On the other hand, there have been times (especially in the last two years) when I feel like my photographic practice is nothing like that of an astronomer. During those times, I know what I’m looking for just as much as I know which of the stars are actually distant galaxies or when the next comet is due to pass by. Taking pictures is still fun; star gazing is fun even if you don’t know what all the constellations are, but you can’t make a lot of meaning (or a living) just star gazing. And sure, eventually I might take a picture that is pretty good, like seeing a shooting star after a few hours of staring up at the night. But I can’t do that consistently and have something to show for it, just like an astronomer can’t base a theory just on the fact that they saw something weird happen through a telescope.

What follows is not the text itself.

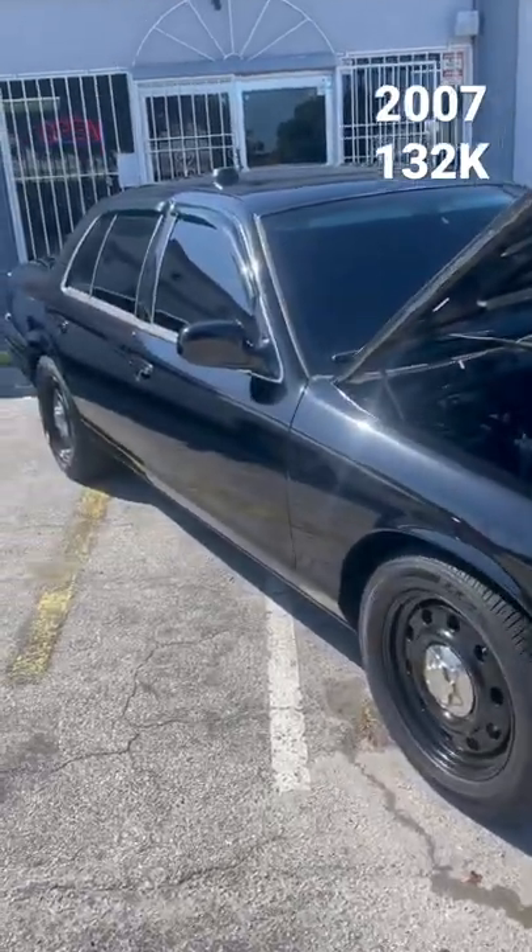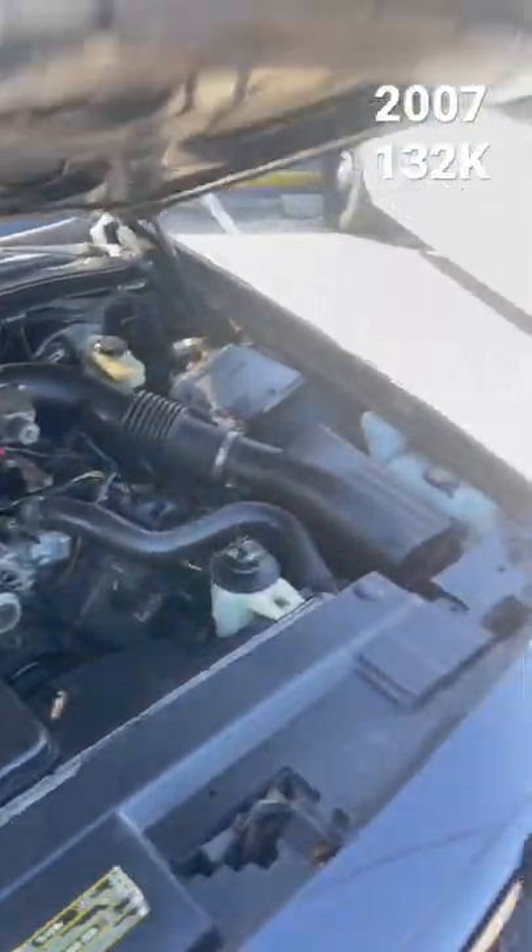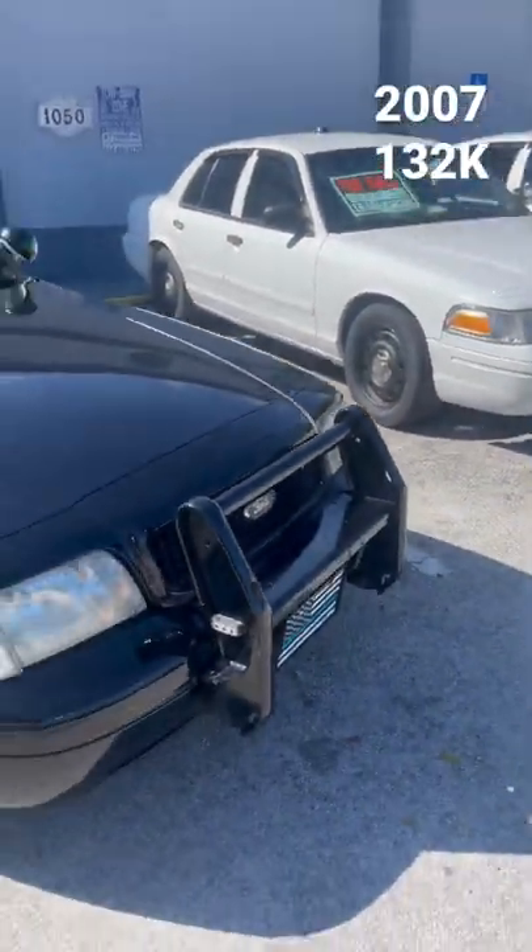All right, we're outside R&L. We're going to walk around on a 2007 with 1.32 on the clock.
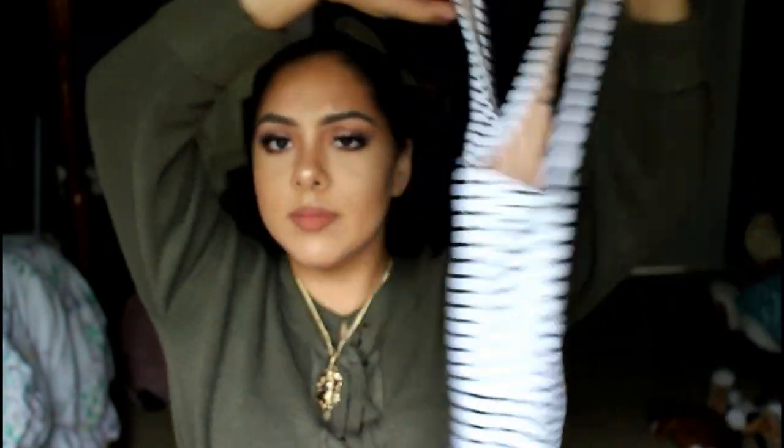Then I got one bathing suit and it's this one right here. You guys know they're known for their bathing suits. It's like almost the end of summer so I didn't want to get too many, but I got this one. It's really cute — it's just striped, regular, nothing fancy besides this little cutout where my tummy sticks out.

I’ve seen quite a few shooting stars in the last few years, and I’ve taken some pictures that I am relatively proud of (a good few are from Shenandoah). But I haven’t had the direction of an astronomer, to know where to look and to understand the meaning behind what I am looking at. This is, in part, due to my time spent inside finishing up previous work. It might also have something to do with moving to a new place, or working a new type of job, or any other number of reasons known and unknown.
Hopefully, though, I will soon have a new plan. I finally have a new hypothesis, a set of ideas I want to see if I can corroborate with what I find in the world. These ideas involve a particular New Jersey Turnpike rest stop, a few certain streets in South Jersey, a high school or two on Long Island, and probably (terrifyingly) taking a lot of portraits. And as I can finally see my previous project nearing completion, I am excited for this new direction. I am excited to do the hard math, the research and investigation, and the intense exploration that comes with a focused project. I can only guess this is what an astronomer feels like when their months of calculations finally point to the place in the sky where they need to train their telescope. After a few years of star gazing, it is time to start looking.
Are any of these prints currently for sale?
Found immediate fondness for "My one (possible) meteor"
Do we get any inside information as to what that next project will entail? Enjoyed this article!